My sister's, boyfriend's, step-mother's, neighbor knows a guy whose cousin got deactivated because there was mud on the tires.

true story


----------



## 2CV750CC (Nov 18, 2015)

Hunter420 said:


> My friend got a tiny scratch on the back of the bumber, they deactivated him.


sure, that is his story


----------



## unPat (Jul 20, 2016)

It's funny until it happens to you .


----------



## 2CV750CC (Nov 18, 2015)

unPat said:


> It's funny until it happens to you .


it is not funny but the details are somewhat too vague - wish the OP would give a few more details

we all have to be really really careful
dashcams can help, but when weird stuff happens we have to be alert and figure things out fast

strangely it seems that too many of these heavy attacks on drivers seem to happen in FL more than in other states


----------



## Wiseleo (Feb 8, 2017)

Having been through a deactivation under similar circumstances (my passenger caused my vehicle to get damaged by bullets), it is likely not a permanent deactivation. Asher from Trust and Safety will likely reach out to you. Every time I deal with them, which unfortunately is more often than I would like because passengers make up stories that I can disprove with my dashcam records, I usually end up interacting with Asher.

I called and dealt with the cops, swept up the broken glass, finished the trip (don't laugh too hard), called it in on critical response, got deactivated, got my car fixed, sent in pictures, got reactivated.

Since then, dashcam is on at least 30 seconds before pickup. I am also more liberal about canceling rides where I sense trouble.


----------



## Jamesp1234 (Sep 10, 2016)

Wiseleo said:


> Having been through a deactivation under similar circumstances (*my passenger caused my vehicle to get damaged by bullets*), it is likely not a permanent deactivation. Asher from Trust and Safety will likely reach out to you. Every time I deal with them, which unfortunately is more often than I would like because passengers make up stories that I can disprove with my dashcam records, I usually end up interacting with Asher.
> 
> I called and dealt with the cops, swept up the broken glass, finished the trip (don't laugh too hard), called it in on critical response, got deactivated, got my car fixed, sent in pictures, got reactivated.
> 
> Since then, dashcam is on at least 30 seconds before pickup. I am also more liberal about canceling rides where I sense trouble.


*BULLETS* - Now THAT is impressive! 
I thought having things thrown at my pax in my car was bad (I booted him out and started to call the cops).


----------



## PTUber (Sep 16, 2015)

Bullets! I'd be done!


----------



## leroy jenkins (May 27, 2015)

circle1 said:


> Any lawyer who knows what they're doing will give a free consult to determine if there's money to be had. That's why they hung their shingle out, to find lawsuits and legal actions that will bring them riches.

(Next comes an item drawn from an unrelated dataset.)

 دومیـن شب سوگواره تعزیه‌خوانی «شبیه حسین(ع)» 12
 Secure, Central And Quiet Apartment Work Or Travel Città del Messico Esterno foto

Half of all lawyers are below median in quality  Legal aid cuz they won't be sleazy, money-grubbing about it. And they tend to know their stuff versus the potluck you get if you take someone's recommendation or pick a random lawyer.


----------



## MrMikeNC (Feb 16, 2017)

Wiseleo said:


> Having been through a deactivation under similar circumstances (my passenger caused my vehicle to get damaged by bullets), it is likely not a permanent deactivation. Asher from Trust and Safety will likely reach out to you. Every time I deal with them, which unfortunately is more often than I would like because passengers make up stories that I can disprove with my dashcam records, I usually end up interacting with Asher.
> 
> I called and dealt with the cops, swept up the broken glass, finished the trip (don't laugh too hard), called it in on critical response, got deactivated, got my car fixed, sent in pictures, got reactivated.
> 
> Since then, dashcam is on at least 30 seconds before pickup. I am also more liberal about canceling rides where I sense trouble.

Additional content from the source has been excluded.